Leasing Standards: FASB Adjusts For Transparency, Comparability
Leasing Standards: FASB Adjusts For Transparency, Comparability

By Denise McKnight, CPA

The Financial Accounting Standards Board (FASB) in 2016 introduced new lease accounting rules with the publication of ASC Topic 842 (https://bit.ly/3qK6yq4), the lease standard. Initially scheduled to take effect in 2019, the implementation has been repeatedly delayed. 

A further delay looked like a possibility until a tentative, Nov. 10, 2021 decision issued by the FASB ruled against any further deferrals of the effective date. Nonprofits and other private companies now face the implementation of the new standards for fiscal years beginning after Dec. 15, 2021. 

To ensure your accounting for this period is thorough and complete, you must understand ASC 842 and its reporting requirements.

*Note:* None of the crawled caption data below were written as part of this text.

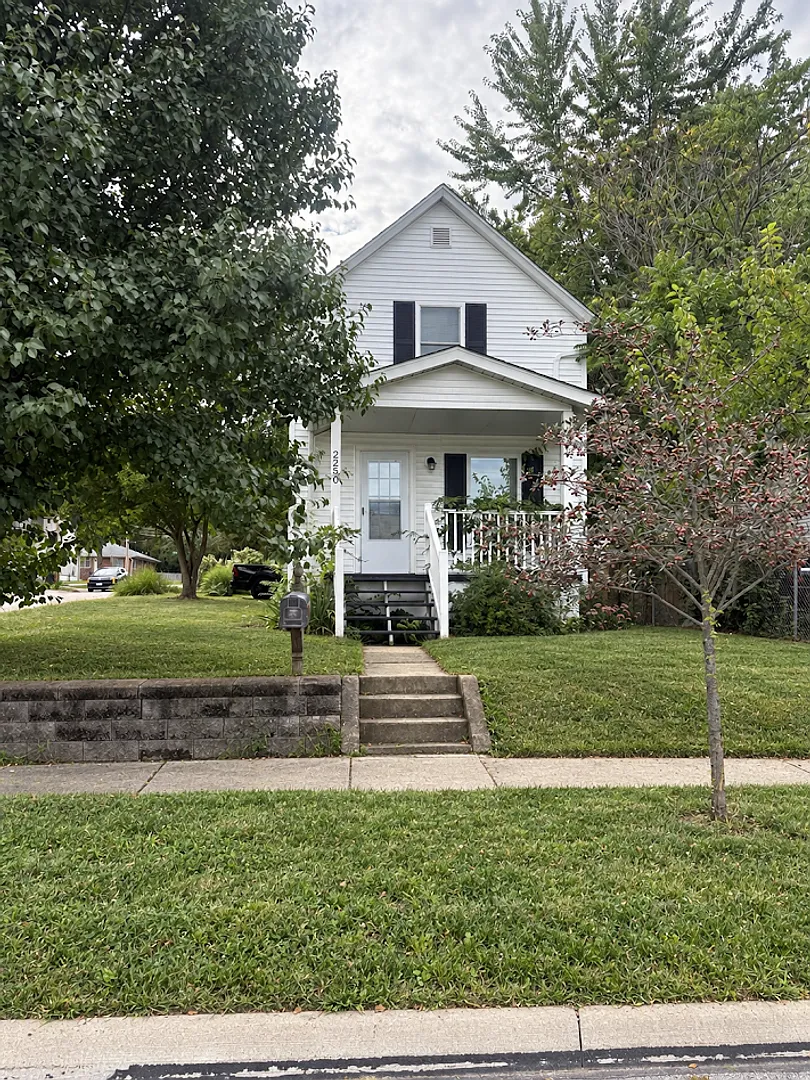 Three bedroom one bathroom home for rent — Photo 1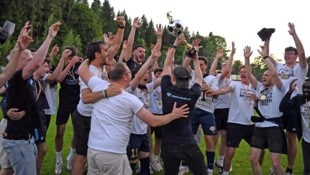 Jubel! Velden II verlor in der gesamten Saison kein einziges Spiel.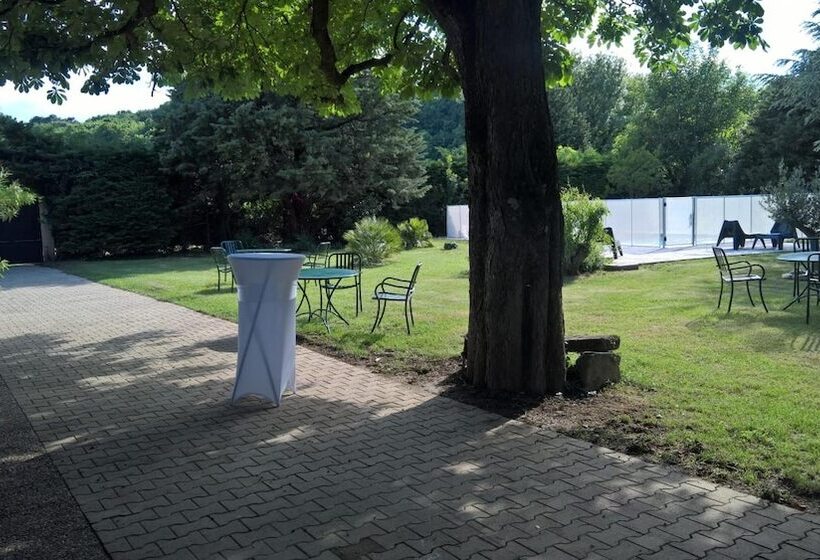 بنسيون L Echappée Belle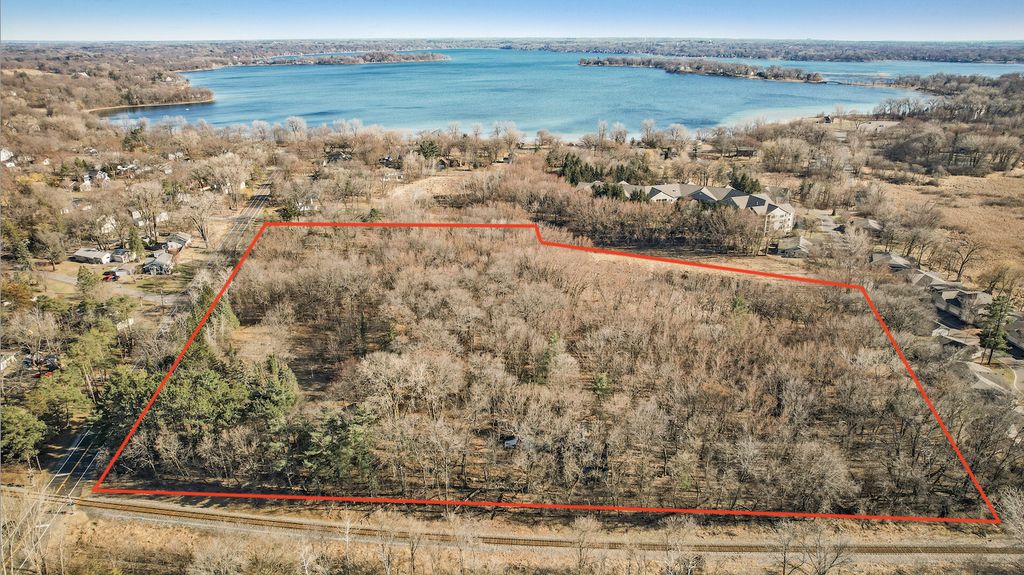 5285 Northwest Avenue, White Bear Lake, MN 55110 — photo 2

According to the language in the lease standard, the new rules are primarily designed to “increase transparency and comparability among organizations by recognizing lease assets and lease liabilities on the balance sheet and disclosing key information about leasing transactions.” To comply with the standard’s requirements, an entity (i) must record assets and liabilities relating to all leases and (ii) include “new and enhanced” disclosures.


The lease standard begins with determining if the entity’s contract constitutes a lease. A lease is a contract (or part of a contract) that, in exchange for consideration, conveys the right to control the use of identified property, plant, or equipment (an identified asset) for a period of time. 

Once a contract is determined to be a lease or include a lease, the entity will need to separate the lease components from non-lease components from the contract. For example, a copier lease will provide for the rental of the equipment and may also include a usage fee or maintenance contract. The entity will segregate the non-lease costs from the contract as they are not accounted for under the new lease standard.  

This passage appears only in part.